This instantaneous impressionist painting has a compelling veracity. Experiments by Benedikt Ehinger and colleagues revealed that “generated information is sometimes treated as more reliable than sensory information from the outside world.” Vision illustrates how effortlessly the mind’s fabrications are believed.

A paucity of data from all our senses are massaged and augmented by the mind into compelling artifices that we naturally take as fact. Memory and imagination are lavishly employed to fill in gaps. The patterns heard in sound are a fabricated temporal collage.

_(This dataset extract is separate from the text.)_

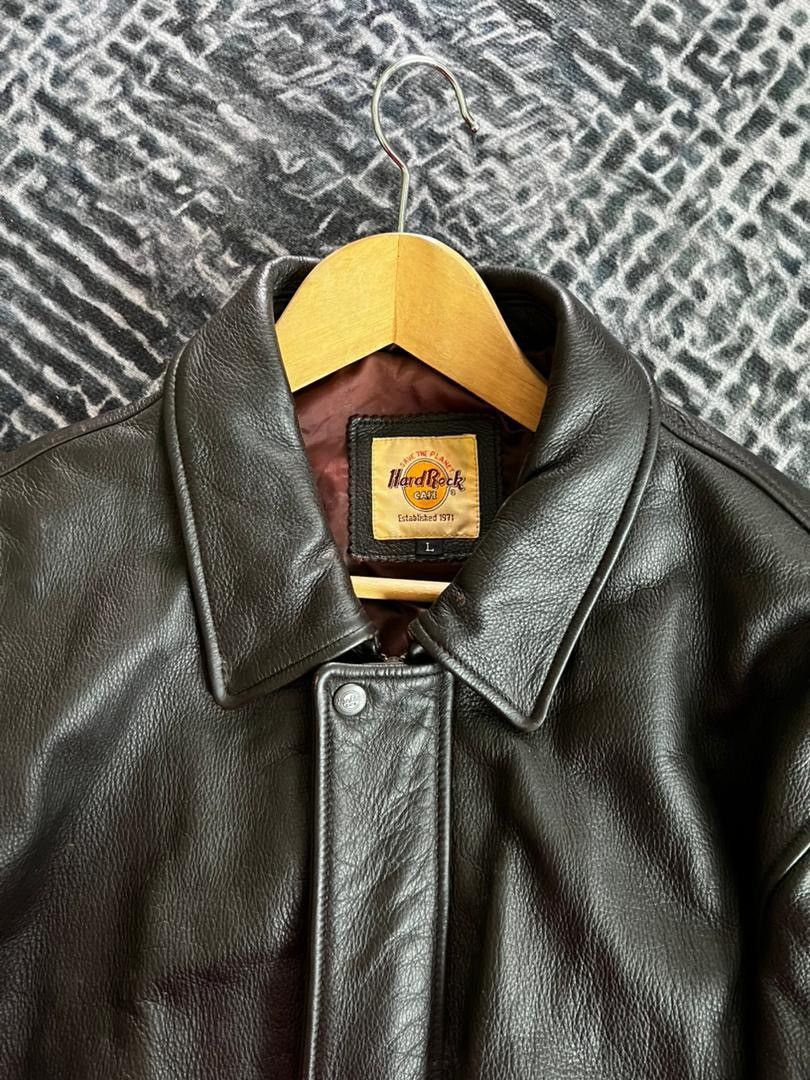 Hard Rock Cafe Vintage 90s Hard Rock Cafe London Leather Jacket Size US L / EU 52-54 / 3 - 4 Thumbnail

It is hard indeed not to believe your own eyes. Therein lies the problem. Sight highlights that belief is a slippery slope. Perception completes the picture of deception.

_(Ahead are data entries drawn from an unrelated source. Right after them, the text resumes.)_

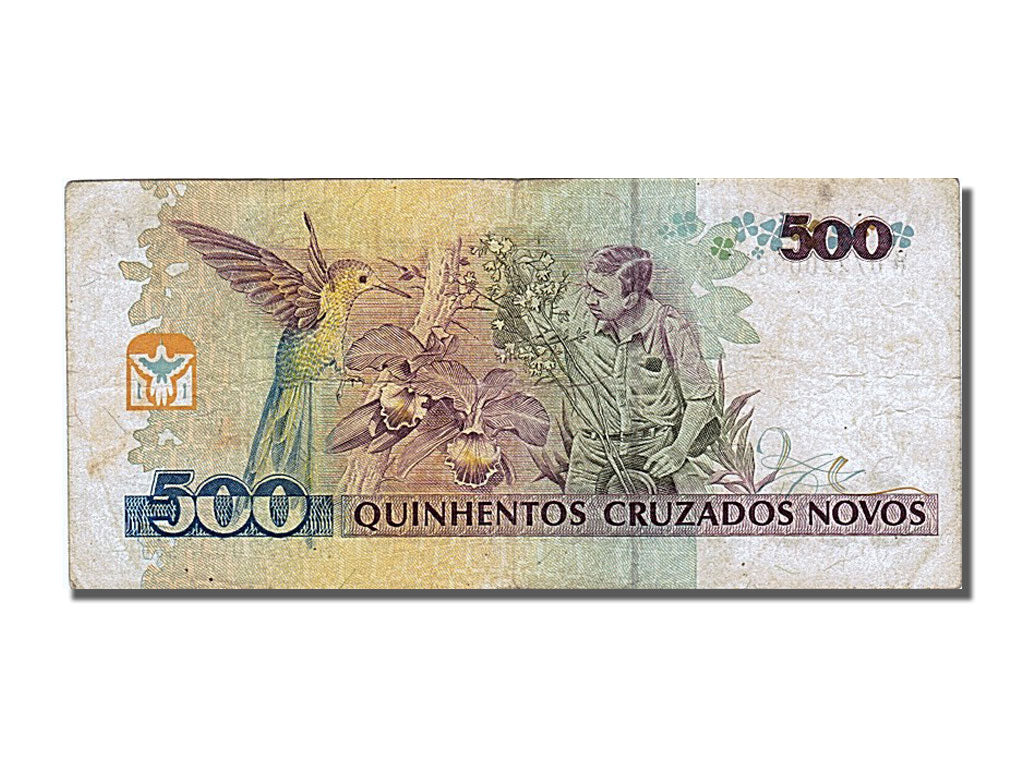 Brazil, 500 Cruzeiros on 500 Cruzados Novos, 1990, KM #226b, EF(40-45),...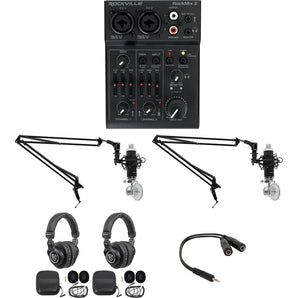 Rockville 2-Person Podcast Podcasting Recording Kit w/RCM Mics+Booms+Headphones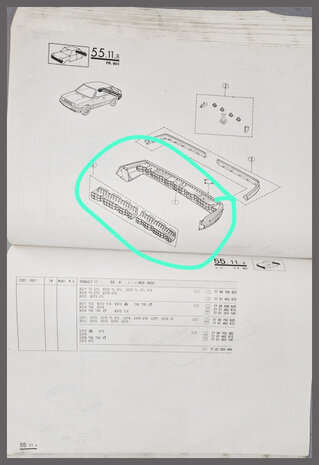 Renault 11 (B37): Bumper achterzijde inclusief bumperbuffers (New Old Stock).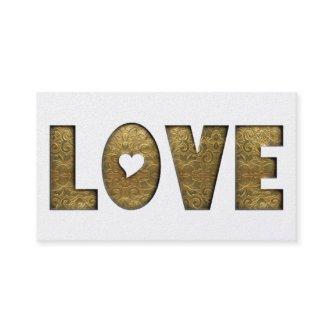 Love Gold Text Word Elegant Golden Decorative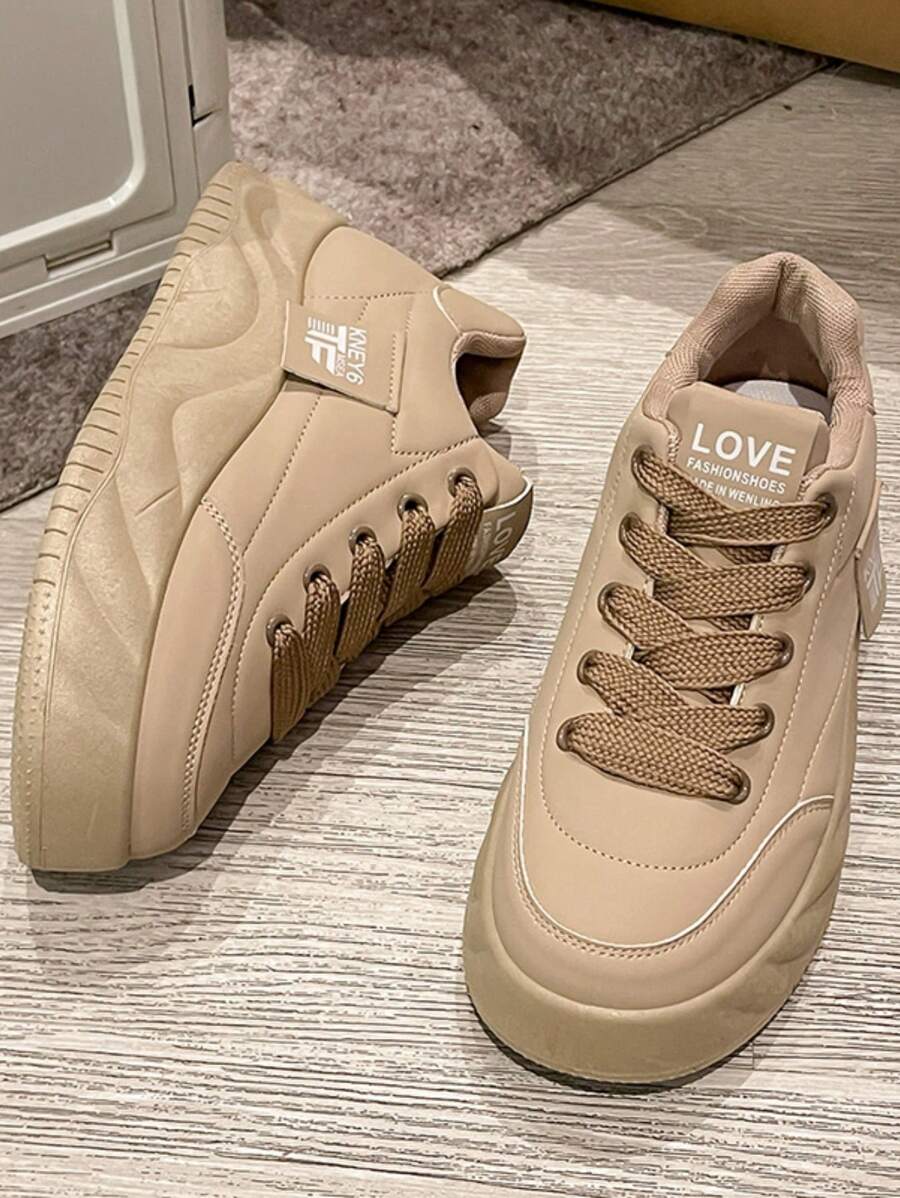 White Platform Sneakers For Women, Thick Sole Increase Height Casual Lace-Up Trainers, Khaki Color, Suitable For Daily, Outdoor Sports & Leisure, 2025 Spring New Arrival - Khaki - View 1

Perception is generalization: seeing uniqueness and then categorizing novelties into mental schemas that inform how “the world” works. Perception fabricates concepts by subconsciously tailoring experience: pruning details by interest and level of awareness. These experienced abstractions are naturally taken as fact.

Once concepts of any sort are believed true, what bars the door to falling for fantasy wholesale? Nothing at all.

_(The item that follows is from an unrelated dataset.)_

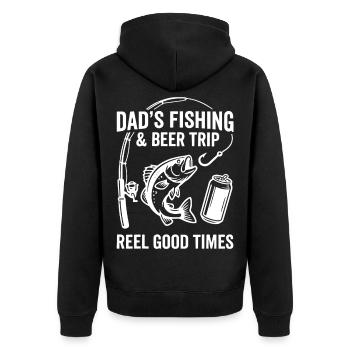 DADS FISHING AND BEER TRIP REEL GOOD TIMES - Unisex Premium Organic Zip Hoodie - black - Back - Nico (187cm)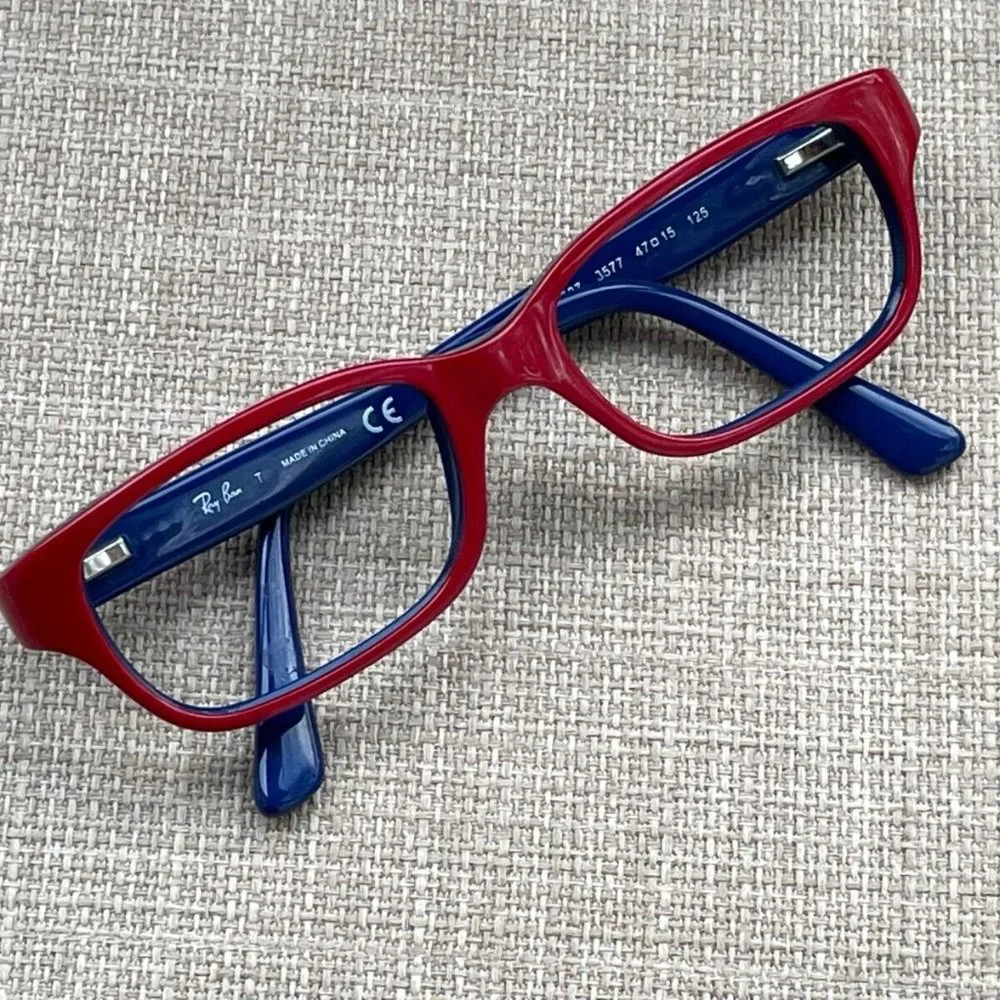 Ray-Ban Kids Eyeglasses Frame RedBlue Tone RB1527 3577 47[]15 125 Glasses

All knowledge comprises cerebral sandcastles of ideas. Such fabrications are accepted as Nature, with clouds of concepts providing the nourishing rain of “facts” that keeps knowledge growing. Amid this inner bustle, “glimpses of now” are indeed “fleeting.”

Emotion fortifies the fog.

Emotion is monkey-mind’s strongest stratagem. Take an intuitive feeling that may be informative. Amplify that feeling. Let the mind be overwhelmed with it, and even reverberate the body with it. Such is emotion.

Lost amid emotion is the bit of now which sparked it. Like a cerebral beast, whatever productive use a feeling may have had transforms into a rampaging monster with emotion. Emotion is a fog that blots out now.

Those in iğnorance are most in thrall to nattermind precisely because emotions are exhilarating. Performers in the arts are adored because they evoke emotion.

To one in iğnorance, entertainment is exciting. Calm is abandoned. Now is routed for thrill.

To a sage, entertainment is at most amusement. Calm remains.